TRY IT - The lines from the start of the data through the line containing "BIOAQUA - Suero" are to be reproduced exactly, both ends included.

(Brief descriptive captions)
-------------------------

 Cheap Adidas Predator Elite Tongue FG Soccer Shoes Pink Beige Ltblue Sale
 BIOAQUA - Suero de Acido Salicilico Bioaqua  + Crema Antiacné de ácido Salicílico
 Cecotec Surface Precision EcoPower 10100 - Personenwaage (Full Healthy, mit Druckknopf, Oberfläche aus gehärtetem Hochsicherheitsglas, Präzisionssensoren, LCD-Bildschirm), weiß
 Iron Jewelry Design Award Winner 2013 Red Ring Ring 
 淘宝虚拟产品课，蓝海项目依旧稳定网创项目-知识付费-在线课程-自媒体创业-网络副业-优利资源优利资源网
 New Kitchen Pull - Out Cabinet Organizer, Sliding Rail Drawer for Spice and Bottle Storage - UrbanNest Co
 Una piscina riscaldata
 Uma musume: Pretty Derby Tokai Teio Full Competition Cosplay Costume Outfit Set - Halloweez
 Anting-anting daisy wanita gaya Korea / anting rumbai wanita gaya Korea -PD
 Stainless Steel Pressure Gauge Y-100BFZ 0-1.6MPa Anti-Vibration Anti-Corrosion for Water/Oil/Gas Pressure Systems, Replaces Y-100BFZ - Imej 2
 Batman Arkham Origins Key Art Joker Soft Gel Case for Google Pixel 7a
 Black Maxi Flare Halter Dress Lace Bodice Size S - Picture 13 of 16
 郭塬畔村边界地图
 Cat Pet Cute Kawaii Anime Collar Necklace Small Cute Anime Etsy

-------------------------

EXERCISE RESULT -
 Cheap Adidas Predator Elite Tongue FG Soccer Shoes Pink Beige Ltblue Sale
 BIOAQUA - Suero de Acido Salicilico Bioaqua  + Crema Antiacné de ácido Salicílico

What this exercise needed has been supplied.